Frank came to Kenya at the start of the 1980s and quickly established himself in the print media, joining hands with the daddy of Kenyan cartoons, Terry Hirst, contributing to the premier illustrated humour magazine, Joe.

He later inherited Terry’s perch at the Daily Nation as editorial cartoonist while spreading his comic series to the then amazingly bold magazine known as Men Only. This is where I met Frank in 1984.

I had followed his work from 1981 and, as a young, struggling cartoonist, was so thrilled to meet him. He was doing a new comic story, he Male Syndrome, a satirical look at men, while I produced some illustrations and a comic strip for Men Only, both of us under the watchful eye of its unorthodox editor “Mambo Gichuki” Brian Tetley.

We struck a firm bond immediately that was to last until Saturday April 21, at about 9.30pm on Jogoo Road.

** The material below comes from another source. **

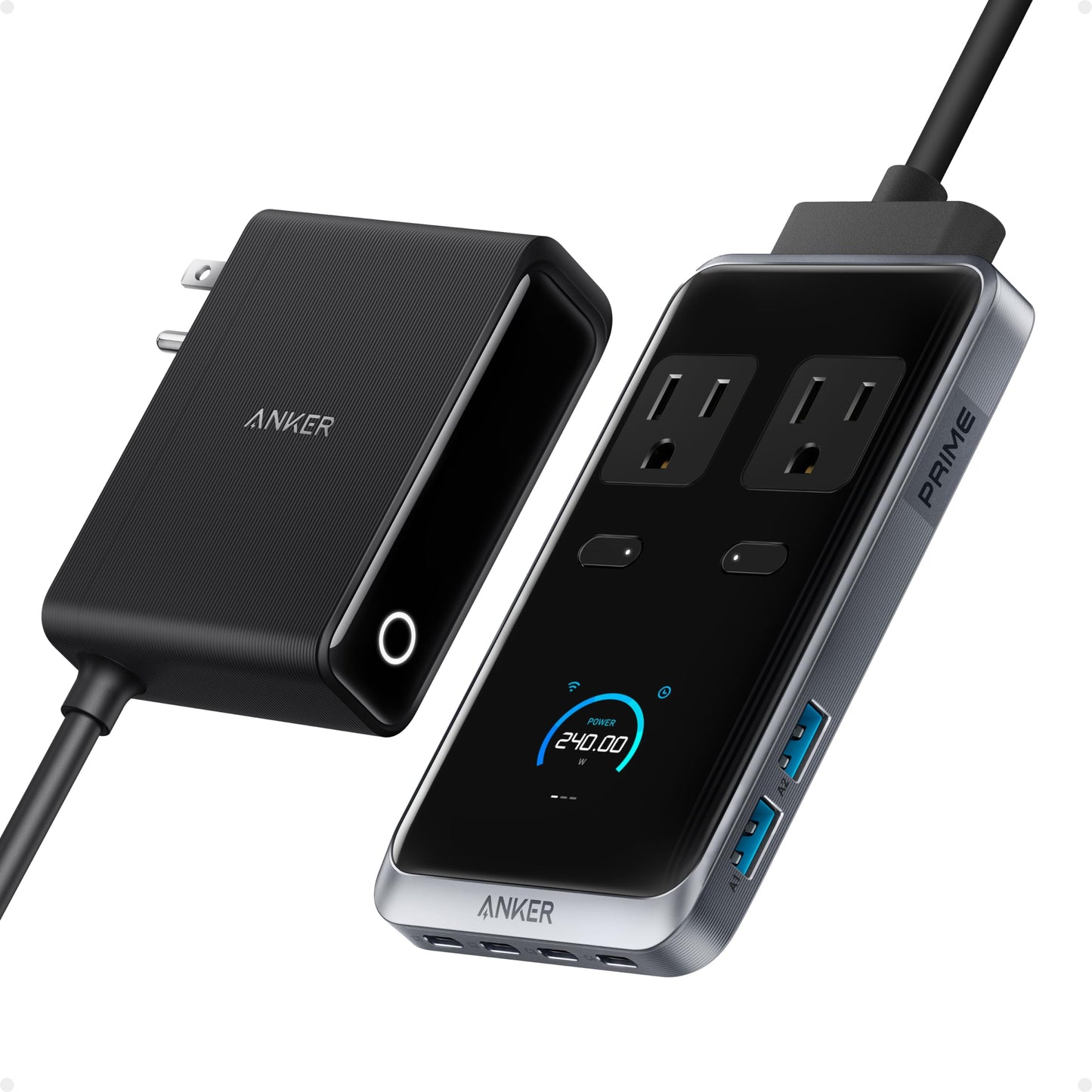 Anker Prime Charging Station, 240W 8-in-1 USB C Power Strip, 5 ft Detachable Extension Cord, 2 AC, 4 USB C, 2 USB A, for iPhone 15/14, Desktop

Frank was a remarkable soul – quick, intelligent, witty, a debater with a firm grasp on world affairs, both culturally and politically. I loved the nights we’d engage over a bottle of lager; we fought, laughed, hugged and dreamt of a better Africa.

Over the years, we tried our hand at several publications. We produced the short-lived African Illustrated in 1997 along with Gado (of the Daily Nation) and Kham (The Standard), and several Nairobi cartoonists, illustrators, photographers and writers of the time.

The monthly saw only three issues before folding up in a hostile publishing environment.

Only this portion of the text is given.